Contrary to defendant's further contention, the court properly exercised its discretion in denying his motion for new assigned counsel. “The court conducted the requisite inquiry when defendant made his ... request for substitution of counsel and concluded that defendant's objections[, which concerned defense counsel's lack of candor in advising him,] were without merit” ( People v. Johnson, 103 A.D.3d 1251, 1251, 959 N.Y.S.2d 365,lv. denied21 N.Y.3d 1005, 971 N.Y.S.2d 257, 993 N.E.2d 1279;see People v. Barber, 66 A.D.3d 1370, 1371, 885 N.Y.S.2d 666,lv. denied13 N.Y.3d 937, 895 N.Y.S.2d 327, 922 N.E.2d 916;see generally People v. Porto, 16 N.Y.3d 93, 99–100, 917 N.Y.S.2d 74, 942 N.E.2d 283).
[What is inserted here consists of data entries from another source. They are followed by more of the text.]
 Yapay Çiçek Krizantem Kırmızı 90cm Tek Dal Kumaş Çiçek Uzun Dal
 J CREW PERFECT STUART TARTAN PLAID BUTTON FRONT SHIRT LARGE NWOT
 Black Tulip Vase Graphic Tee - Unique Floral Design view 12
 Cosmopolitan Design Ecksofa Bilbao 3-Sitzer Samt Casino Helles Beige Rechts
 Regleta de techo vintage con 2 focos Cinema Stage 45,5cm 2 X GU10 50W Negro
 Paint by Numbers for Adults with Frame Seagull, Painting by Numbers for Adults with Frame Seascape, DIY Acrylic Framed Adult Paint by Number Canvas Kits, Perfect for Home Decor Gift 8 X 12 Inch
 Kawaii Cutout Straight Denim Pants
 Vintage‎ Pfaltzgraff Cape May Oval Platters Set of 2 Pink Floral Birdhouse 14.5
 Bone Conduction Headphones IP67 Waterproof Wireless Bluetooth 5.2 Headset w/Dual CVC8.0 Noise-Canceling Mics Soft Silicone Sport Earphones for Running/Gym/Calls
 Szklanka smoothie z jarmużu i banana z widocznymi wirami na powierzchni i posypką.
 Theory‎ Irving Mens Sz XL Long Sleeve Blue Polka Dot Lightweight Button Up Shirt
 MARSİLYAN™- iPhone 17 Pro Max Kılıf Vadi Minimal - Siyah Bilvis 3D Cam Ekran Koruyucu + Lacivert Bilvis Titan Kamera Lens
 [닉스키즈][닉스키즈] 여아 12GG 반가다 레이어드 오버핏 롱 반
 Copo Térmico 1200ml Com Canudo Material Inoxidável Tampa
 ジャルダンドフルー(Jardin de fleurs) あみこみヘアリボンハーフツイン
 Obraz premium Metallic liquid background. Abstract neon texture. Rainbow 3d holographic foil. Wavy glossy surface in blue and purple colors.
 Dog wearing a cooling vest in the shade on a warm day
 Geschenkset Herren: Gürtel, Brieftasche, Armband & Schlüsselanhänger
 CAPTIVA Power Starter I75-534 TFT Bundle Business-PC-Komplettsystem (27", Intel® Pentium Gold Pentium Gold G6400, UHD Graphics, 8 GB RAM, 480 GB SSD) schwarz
Finally, although not raised by defendant, we note that the prosecutor improperly asked defendant on cross-examination whether the prosecution witnesses were lying. We again forcefully condemn such questions ( see People v. Washington, 89 A.D.3d 1516, 1516–1517, 933 N.Y.S.2d 499,lv. denied18 N.Y.3d 963, 944 N.Y.S.2d 492, 967 N.E.2d 717), although we note that the issue would not require reversal of the judgment herein inasmuch as the prosecutor's misconduct did not substantially prejudice defendant ( see People v. Paul, 212 A.D.2d 1020, 1021, 623 N.Y.S.2d 50,lv. denied85 N.Y.2d 912, 627 N.Y.S.2d 335, 650 N.E.2d 1337).
It is hereby ORDERED that the judgment so appealed from is unanimously affirmed.